Data extracts »
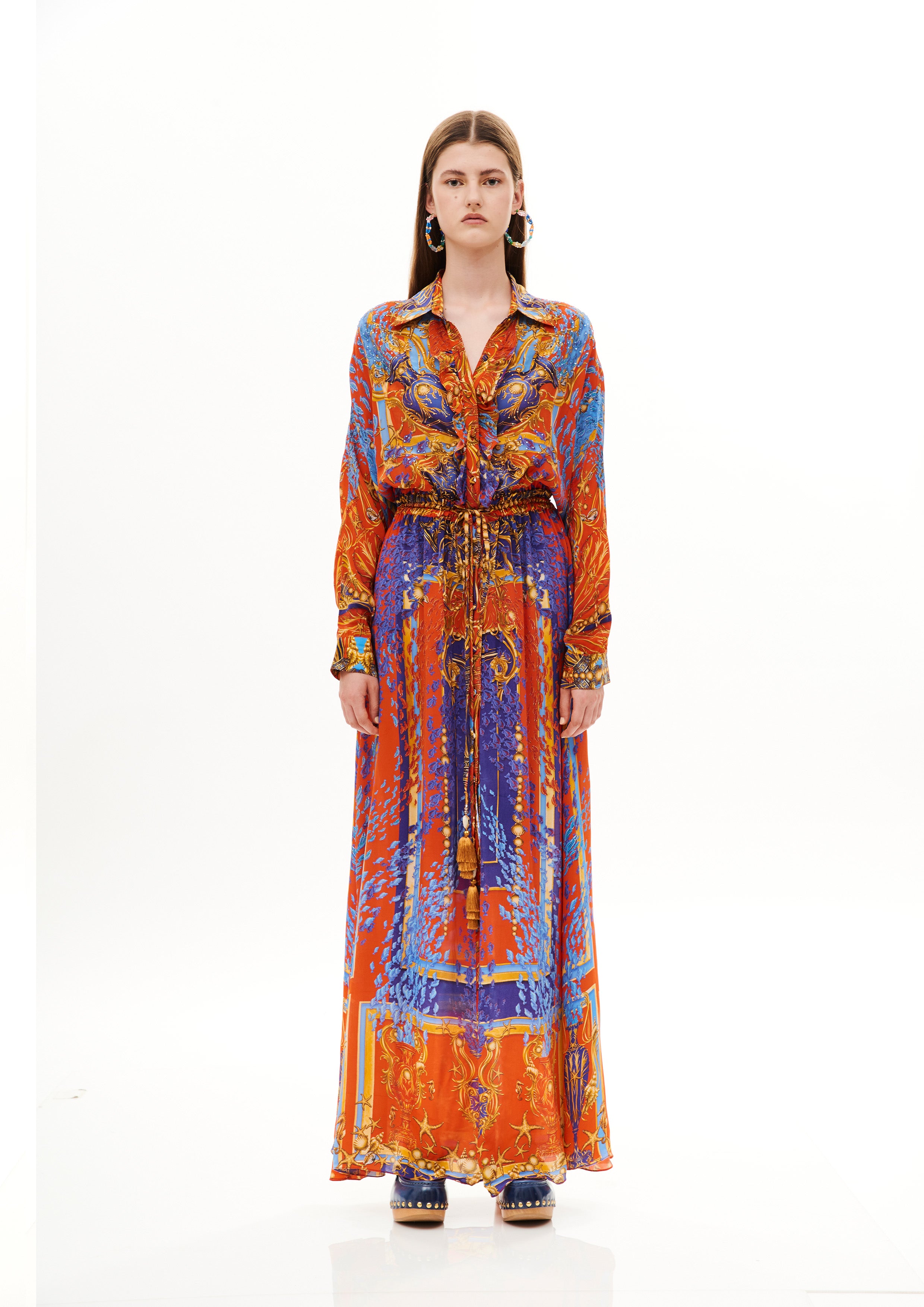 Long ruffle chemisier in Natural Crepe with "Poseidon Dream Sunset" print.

...

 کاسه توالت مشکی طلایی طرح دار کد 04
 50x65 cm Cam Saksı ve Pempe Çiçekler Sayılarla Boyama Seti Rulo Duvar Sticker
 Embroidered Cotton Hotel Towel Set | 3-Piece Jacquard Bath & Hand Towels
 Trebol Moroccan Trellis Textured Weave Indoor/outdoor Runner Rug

Task goal » Beginning with the line above that contains "کاسه توالت مشکی طلایی طرح دار کد 04", copy each line exactly up to and including the line that contains "Trebol Moroccan Trellis", and go no further.

Result of the exercise »
 کاسه توالت مشکی طلایی طرح دار کد 04
 50x65 cm Cam Saksı ve Pempe Çiçekler Sayılarla Boyama Seti Rulo Duvar Sticker
 Embroidered Cotton Hotel Towel Set | 3-Piece Jacquard Bath & Hand Towels
 Trebol Moroccan Trellis Textured Weave Indoor/outdoor Runner Rug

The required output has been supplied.